__Task to complete__:
How many lines in the data below contain the string "Apartment"? Answer with the number only.

__Data extract__:
□ □ □

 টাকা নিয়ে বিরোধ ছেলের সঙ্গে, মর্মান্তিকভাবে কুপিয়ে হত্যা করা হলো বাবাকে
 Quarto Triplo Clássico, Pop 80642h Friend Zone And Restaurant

□ □ □

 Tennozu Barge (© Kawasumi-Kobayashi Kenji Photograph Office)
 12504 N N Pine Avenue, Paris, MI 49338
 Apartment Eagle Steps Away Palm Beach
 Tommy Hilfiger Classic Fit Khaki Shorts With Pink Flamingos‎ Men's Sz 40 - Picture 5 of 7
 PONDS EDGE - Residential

□ □ □

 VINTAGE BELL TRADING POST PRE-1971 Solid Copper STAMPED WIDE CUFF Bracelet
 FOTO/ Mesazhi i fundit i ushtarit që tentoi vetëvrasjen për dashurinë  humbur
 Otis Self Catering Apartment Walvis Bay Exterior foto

□ □ □

__Solution for this task__:
2